Material provided:
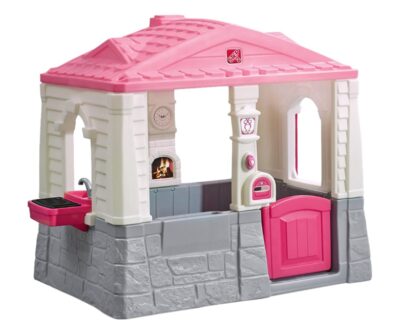 This is an image of a pink cottage and grill playhouse for kids. 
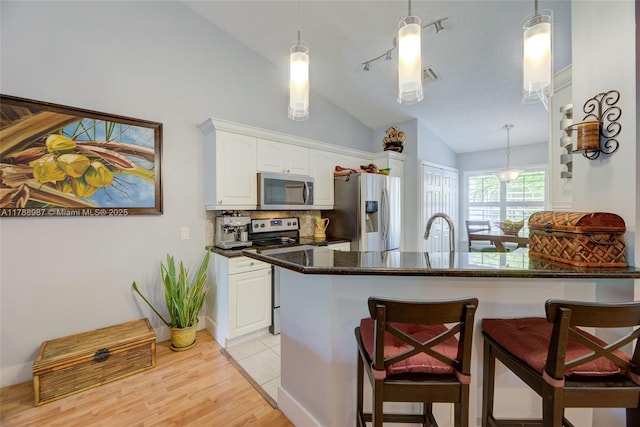 kitchen with stainless steel appliances, vaulted ceiling, backsplash, and white cabinetry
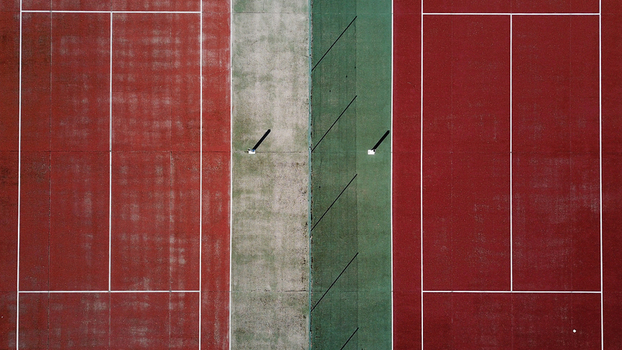 Aerial view of tennis courts with red and green surfaces in Jougne Bourgogne Franche Comte France. Aerial view of tennis courts with red and green surfaces in Jougne Bourgogne Franche Comte France.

Brief: Print each line above exactly as it appears, excluding all images.

Written answer:
 This is an image of a pink cottage and grill playhouse for kids. 
 kitchen with stainless steel appliances, vaulted ceiling, backsplash, and white cabinetry
 Aerial view of tennis courts with red and green surfaces in Jougne Bourgogne Franche Comte France. Aerial view of tennis courts with red and green surfaces in Jougne Bourgogne Franche Comte France.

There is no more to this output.